El cantante denuncia «violencia verbal y gestual» tras el grave conflicto entre Gerard y Claudia y critica la deriva de la convivencia en el ‘reality’
La tensión en ‘Supervivientes 2026’ ha alcanzado un punto de no retorno para uno de sus concursantes más emblemáticos. José Manuel Soto, el participante más veterano de la presente edición, se ha plantado ante la organización del programa durante la emisión de ‘Tierra de nadie’. Tras un durísimo enfrentamiento entre sus compañeros Gerard y Claudia, que obligó a abrir la Palapa de manera excepcional, el artista andaluz ha expresado su profunda desazón, llegando a cuestionar su continuidad en el concurso debido al cariz «desagradable» que ha tomado la convivencia en Honduras.
Un recado a la organización: «Hay violencia verbal y gestual»
El cantante no ocultó su malestar por lo ocurrido y aprovechó la conexión en directo para alzar la voz contra el clima de hostilidad que impera en la isla. «La tensión hay que controlarla porque hay mucha gente viendo el programa», advirtió Soto, lanzando un mensaje directo a los responsables del formato de Telecinco. Según el artista, lo que se vive en el grupo no son meras desavenencias de concurso, sino situaciones que cruzan la línea de lo permisible.

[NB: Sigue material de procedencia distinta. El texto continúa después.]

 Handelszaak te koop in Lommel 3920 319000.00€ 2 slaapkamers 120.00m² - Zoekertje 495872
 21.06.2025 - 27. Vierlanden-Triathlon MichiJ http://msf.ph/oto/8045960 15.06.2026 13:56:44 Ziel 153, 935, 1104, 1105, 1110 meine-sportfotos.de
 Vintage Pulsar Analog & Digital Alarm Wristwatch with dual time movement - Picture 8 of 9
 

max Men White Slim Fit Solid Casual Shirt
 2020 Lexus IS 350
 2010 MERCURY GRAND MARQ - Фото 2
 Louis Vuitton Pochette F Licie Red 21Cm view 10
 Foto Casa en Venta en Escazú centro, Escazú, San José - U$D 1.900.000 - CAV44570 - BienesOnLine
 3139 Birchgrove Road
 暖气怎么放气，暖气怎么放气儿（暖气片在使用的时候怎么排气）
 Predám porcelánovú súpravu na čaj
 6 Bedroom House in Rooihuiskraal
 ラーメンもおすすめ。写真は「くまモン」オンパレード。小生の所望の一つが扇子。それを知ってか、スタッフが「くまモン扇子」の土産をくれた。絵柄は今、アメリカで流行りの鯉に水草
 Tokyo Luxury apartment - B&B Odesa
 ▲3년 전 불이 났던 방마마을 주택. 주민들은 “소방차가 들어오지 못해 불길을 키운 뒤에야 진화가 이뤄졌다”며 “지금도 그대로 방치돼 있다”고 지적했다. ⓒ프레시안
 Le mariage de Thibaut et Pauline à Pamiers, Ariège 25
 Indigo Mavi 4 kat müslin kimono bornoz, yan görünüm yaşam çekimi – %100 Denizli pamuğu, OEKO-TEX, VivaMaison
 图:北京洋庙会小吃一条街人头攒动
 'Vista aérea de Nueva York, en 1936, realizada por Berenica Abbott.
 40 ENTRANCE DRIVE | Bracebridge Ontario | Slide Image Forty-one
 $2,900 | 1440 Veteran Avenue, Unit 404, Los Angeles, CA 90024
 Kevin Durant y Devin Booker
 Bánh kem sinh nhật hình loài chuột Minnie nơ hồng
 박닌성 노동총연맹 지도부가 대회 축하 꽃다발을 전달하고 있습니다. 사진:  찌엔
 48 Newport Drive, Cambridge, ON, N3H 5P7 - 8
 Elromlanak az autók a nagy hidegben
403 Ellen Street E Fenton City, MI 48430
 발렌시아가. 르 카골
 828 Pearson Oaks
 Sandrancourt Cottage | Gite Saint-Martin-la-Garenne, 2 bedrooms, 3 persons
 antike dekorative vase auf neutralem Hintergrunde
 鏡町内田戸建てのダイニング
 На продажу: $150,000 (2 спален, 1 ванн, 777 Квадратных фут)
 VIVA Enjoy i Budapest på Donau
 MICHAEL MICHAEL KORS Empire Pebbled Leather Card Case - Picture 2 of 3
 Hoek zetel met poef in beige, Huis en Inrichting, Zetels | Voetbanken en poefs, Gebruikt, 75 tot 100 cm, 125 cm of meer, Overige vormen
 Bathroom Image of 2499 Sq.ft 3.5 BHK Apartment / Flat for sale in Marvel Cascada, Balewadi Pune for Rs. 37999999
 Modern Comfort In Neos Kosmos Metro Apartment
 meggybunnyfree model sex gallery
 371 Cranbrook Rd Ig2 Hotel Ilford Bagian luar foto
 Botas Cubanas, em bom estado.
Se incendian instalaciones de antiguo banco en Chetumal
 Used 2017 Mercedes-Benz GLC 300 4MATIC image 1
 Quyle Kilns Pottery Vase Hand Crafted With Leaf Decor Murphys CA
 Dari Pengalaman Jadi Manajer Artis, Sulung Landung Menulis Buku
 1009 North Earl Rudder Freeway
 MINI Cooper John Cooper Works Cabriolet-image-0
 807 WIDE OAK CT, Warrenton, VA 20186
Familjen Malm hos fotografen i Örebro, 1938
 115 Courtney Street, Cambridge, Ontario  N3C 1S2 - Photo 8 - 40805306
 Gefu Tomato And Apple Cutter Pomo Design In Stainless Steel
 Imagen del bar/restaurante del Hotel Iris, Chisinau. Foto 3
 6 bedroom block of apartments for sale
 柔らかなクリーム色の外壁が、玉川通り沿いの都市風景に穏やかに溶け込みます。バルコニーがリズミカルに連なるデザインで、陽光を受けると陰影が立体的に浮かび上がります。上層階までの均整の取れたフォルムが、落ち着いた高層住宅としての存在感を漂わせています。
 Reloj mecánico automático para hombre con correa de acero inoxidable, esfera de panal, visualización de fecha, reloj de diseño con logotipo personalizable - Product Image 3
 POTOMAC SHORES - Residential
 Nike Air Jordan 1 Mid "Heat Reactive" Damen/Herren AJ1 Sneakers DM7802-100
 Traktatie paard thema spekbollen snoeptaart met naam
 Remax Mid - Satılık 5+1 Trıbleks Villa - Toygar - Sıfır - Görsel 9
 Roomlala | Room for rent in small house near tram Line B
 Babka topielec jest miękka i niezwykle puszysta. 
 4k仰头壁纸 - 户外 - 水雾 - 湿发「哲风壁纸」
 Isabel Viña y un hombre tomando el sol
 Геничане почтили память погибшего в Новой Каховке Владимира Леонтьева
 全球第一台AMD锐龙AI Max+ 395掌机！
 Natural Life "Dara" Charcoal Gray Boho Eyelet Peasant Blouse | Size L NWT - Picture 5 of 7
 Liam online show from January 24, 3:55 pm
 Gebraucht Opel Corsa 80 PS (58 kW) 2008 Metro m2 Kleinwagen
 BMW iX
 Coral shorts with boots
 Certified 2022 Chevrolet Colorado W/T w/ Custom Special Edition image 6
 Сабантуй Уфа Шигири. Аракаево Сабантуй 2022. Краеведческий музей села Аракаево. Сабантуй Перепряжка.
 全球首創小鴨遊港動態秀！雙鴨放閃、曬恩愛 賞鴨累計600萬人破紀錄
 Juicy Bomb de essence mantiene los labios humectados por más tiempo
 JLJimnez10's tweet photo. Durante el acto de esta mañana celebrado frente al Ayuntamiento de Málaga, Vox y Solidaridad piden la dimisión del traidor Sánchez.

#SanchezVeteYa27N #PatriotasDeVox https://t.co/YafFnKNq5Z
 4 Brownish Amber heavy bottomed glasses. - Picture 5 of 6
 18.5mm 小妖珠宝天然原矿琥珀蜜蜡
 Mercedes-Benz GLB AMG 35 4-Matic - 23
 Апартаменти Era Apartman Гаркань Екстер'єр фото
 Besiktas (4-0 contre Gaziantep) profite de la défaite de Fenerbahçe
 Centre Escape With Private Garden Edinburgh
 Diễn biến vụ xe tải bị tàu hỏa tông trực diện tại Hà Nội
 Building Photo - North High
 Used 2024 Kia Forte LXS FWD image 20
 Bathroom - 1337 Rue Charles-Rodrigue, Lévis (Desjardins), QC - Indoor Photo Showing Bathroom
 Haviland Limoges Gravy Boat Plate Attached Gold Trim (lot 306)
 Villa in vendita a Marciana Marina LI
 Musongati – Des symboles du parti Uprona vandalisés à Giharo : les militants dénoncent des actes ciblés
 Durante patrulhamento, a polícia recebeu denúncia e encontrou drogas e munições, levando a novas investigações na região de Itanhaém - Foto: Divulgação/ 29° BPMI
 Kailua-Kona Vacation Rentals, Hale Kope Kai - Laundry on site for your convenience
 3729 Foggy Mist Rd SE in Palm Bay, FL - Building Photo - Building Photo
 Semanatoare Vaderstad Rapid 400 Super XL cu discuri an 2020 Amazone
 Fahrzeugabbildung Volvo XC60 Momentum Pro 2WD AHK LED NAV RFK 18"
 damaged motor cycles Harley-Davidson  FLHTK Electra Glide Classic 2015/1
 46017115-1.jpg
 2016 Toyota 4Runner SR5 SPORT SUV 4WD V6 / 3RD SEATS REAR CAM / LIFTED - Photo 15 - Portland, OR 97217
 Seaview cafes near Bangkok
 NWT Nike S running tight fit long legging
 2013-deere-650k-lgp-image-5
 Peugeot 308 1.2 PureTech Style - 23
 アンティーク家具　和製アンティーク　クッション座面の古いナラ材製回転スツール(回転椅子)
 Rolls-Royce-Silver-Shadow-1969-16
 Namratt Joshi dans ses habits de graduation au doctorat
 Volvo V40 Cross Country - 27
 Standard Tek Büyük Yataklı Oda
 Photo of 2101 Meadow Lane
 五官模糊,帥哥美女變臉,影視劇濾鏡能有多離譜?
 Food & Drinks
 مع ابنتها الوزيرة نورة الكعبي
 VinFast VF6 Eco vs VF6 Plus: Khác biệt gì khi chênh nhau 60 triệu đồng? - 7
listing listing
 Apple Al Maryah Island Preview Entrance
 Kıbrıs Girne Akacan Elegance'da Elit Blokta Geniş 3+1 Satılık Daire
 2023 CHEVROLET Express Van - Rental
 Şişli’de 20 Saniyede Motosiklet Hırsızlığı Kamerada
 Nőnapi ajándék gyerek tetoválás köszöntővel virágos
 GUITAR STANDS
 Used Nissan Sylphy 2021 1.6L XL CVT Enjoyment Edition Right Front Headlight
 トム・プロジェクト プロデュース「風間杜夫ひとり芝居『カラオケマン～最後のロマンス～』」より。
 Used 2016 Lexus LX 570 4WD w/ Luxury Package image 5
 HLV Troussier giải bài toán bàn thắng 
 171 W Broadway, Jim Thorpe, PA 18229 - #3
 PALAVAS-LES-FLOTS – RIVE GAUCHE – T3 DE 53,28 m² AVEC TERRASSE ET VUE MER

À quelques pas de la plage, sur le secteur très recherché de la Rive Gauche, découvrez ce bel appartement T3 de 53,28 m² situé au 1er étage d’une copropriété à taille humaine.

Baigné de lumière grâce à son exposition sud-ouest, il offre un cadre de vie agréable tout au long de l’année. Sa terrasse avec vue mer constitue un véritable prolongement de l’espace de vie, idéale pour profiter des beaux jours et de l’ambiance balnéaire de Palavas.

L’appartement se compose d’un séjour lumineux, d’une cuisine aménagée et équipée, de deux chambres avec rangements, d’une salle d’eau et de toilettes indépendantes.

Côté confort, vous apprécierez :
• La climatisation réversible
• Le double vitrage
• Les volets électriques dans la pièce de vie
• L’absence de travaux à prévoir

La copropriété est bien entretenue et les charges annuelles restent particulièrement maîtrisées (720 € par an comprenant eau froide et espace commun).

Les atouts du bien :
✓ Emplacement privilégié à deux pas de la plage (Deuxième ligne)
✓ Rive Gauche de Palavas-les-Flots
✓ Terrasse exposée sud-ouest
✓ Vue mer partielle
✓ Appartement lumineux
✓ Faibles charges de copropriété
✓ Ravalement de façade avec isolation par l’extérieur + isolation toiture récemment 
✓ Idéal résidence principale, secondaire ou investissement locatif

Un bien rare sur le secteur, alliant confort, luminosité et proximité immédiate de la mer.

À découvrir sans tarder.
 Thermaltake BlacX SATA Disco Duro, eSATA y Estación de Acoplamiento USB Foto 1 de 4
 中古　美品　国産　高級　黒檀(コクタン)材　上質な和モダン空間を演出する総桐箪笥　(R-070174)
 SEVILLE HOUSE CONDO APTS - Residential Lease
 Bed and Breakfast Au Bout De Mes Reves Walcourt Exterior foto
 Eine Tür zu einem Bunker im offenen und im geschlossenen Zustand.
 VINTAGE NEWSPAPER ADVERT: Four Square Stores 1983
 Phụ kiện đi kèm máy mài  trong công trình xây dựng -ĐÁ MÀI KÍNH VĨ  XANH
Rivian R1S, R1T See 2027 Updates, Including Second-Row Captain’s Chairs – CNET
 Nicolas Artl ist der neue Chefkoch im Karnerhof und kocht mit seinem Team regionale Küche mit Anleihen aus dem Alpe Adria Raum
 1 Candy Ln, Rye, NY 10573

Ante la denuncia de Soto, el presentador Ion Aramendi trató de matizar sus palabras, argumentando que existe una diferencia entre las situaciones tensas y las violentas. Sin embargo, el sevillano se reafirmó en su postura: «Yo creo que aquí hay violencia verbal y gestual. Yo lo veo así», sentenció, recordando que ya en una gala anterior intentó señalar estos comportamientos sin éxito.
El temor por su imagen pública
Uno de los puntos que más preocupa al intérprete es cómo esta situación puede repercutir en su carrera y reputación fuera del programa. José Manuel Soto fue tajante al explicar los motivos de su desencanto: «A mí esto me duele y me perjudica también la imagen porque aquí estamos todos juntos en un concurso y todo esto salpica a todo el mundo». El veterano superviviente mostró su vergüenza por el espectáculo ofrecido, señalando que los espectadores pueden sentirse igualmente «avergonzados».
«A mí esto no me compensa, sinceramente. No me compensa porque es demasiado desagradable», remató Soto, dejando la puerta abierta a una posible salida voluntaria si la situación no mejora. Su intervención fue recibida con aplausos de aprobación por gran parte de sus compañeros, quienes también parecen acusar el agotamiento psicológico derivado del conflicto entre Gerard y Claudia.
Un llamamiento a la humanidad en la isla
Pese a su enfado, Soto ofreció una vía de solución para intentar salvar el clima del programa antes de que la situación sea irreversible. El cantante instó a los implicados a que se pidan perdón mutuamente para «intentar crear un clima un poco más sostenible y humano». Por el momento, el futuro de José Manuel Soto en los Cayos Cochinos pende de un hilo, supeditado a que la convivencia recupere unos niveles de respeto que, a su juicio, se han perdido por completo en esta edición.